Many organizations are recognizing the value of sustainable and green building methods. New advances in materials, technology and practices enable companies to use environmentally friendly processes that also lead to better overall efficiency. Here are the top 10 sustainable building methods currently in use or under development.
1. IoT Integrated Automated Building Systems
The internet of things (IoT) gives facility managers access to data that they did not previously have access to. These small connected sensors can integrate with automated building systems to improve the sustainability of operations. For example, IoT sensors can dynamically adjust the required ventilation and lighting levels inside the building based on temperature, weather and CO2 readings. The facility manager doesn’t need to manually stay on top of these adjustments or input data from multiple pieces of equipment.

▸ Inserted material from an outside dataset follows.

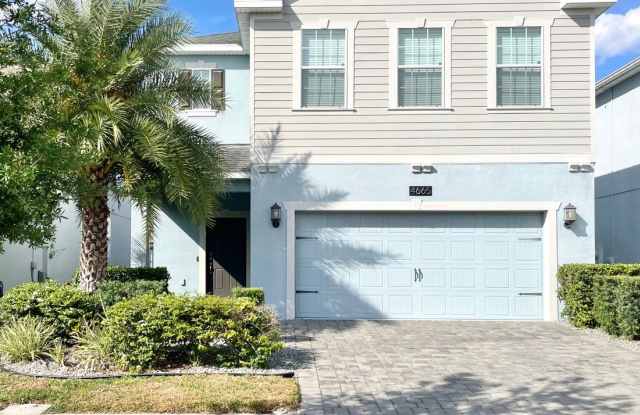 Available Move In 06/01! - Beautiful 3 Bed 2.5 Bath Single Family in Reflections at Storey Lake! photos photos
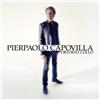 Pierpaolo Capovilla - Obtorto Collo - Cd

2. Synthetic Roof Underlayment
The underlayment on roofs is typically asphalt-based, which breaks down relatively quickly. Replacing this layer is necessary to keep moisture out of the building’s interior. Synthetic roof underlayment offers an alternative that weighs less and holds up to the wear and tear of an exterior environment. This material uses polymer that comes from recycled scrap materials. It also eliminates VOCs from the underlayment.
3. Green Roofs
Another innovation for the top of commercial properties comes from green roofs. Grass, plants, flowers, bushes and other greenery grows on the roofing material. Stormwater is absorbed into the soil and managed more easily than with a bare roof. Heating and cooling costs are reduced, and the air quality is improved.
4. Grid Hybrid System
Renewable energy sources provide a sustainable way for organizations to power their commercial properties, but many grid systems lack storage to power facilities during times of low solar availability. A hybrid system stores excess energy and allows the renewable source to function at night, during overcast days and in other conditions that aren’t ideal.
5. Passive Solar
Another way to leverage a sustainable solar energy source is to construct the building based on the passive solar concept. The facility’s location and design maximize solar energy for heating during winter, while reducing its impact during warmer months.

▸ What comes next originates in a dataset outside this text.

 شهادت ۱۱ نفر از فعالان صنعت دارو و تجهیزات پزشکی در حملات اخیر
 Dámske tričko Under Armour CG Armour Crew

6. Greywater Plumbing Systems
Greywater systems reduce the facility’s need for fresh water, as everything except for toilet streams can be processed for reuse. The most common uses for this water include irrigation and supplying toilets with water.
7. Electrochromic Glass
Electrochromic glass can shift from clear to opaque based on external stimuli such as an electrical current or UV rays. It eliminates the need for shades and other window treatments, while adapting to current conditions passively. Additional benefits include blocking the vast majority of UV rays.
8. Solar Thermal Cladding
Solar thermal cladding is a passive solar building method designed specifically to hold heat during the winter. The sun’s energy is stored within this material and passed through to the building for heat retention purposes.
9. Structural 3D Printing
Creating and moving building materials to the job site can have heavy environmental costs. As structure 3D printing begins moving forward, it becomes easier to cut down on shipping costs or reduce the weight of components.
10. Self-healing Concrete
This material is in its early stages, but once it’s commercially viable it opens up many sustainable possibilities. Everything from roads to walkways can benefit from concrete that heals itself. Road crews would no longer need to shut down busy streets and highway lanes to address potholes and cracks.
Facility managers use preventative maintenance to avoid unscheduled building downtime, but this often leads to parts getting replaced well before their effective lifespan completes. IoT sensors allow managers to move to a proactive system that only schedules repairs and replacements when absolutely needed.
Current and future sustainable building methods bring many options to the table for facility managers planning on implementing green practices.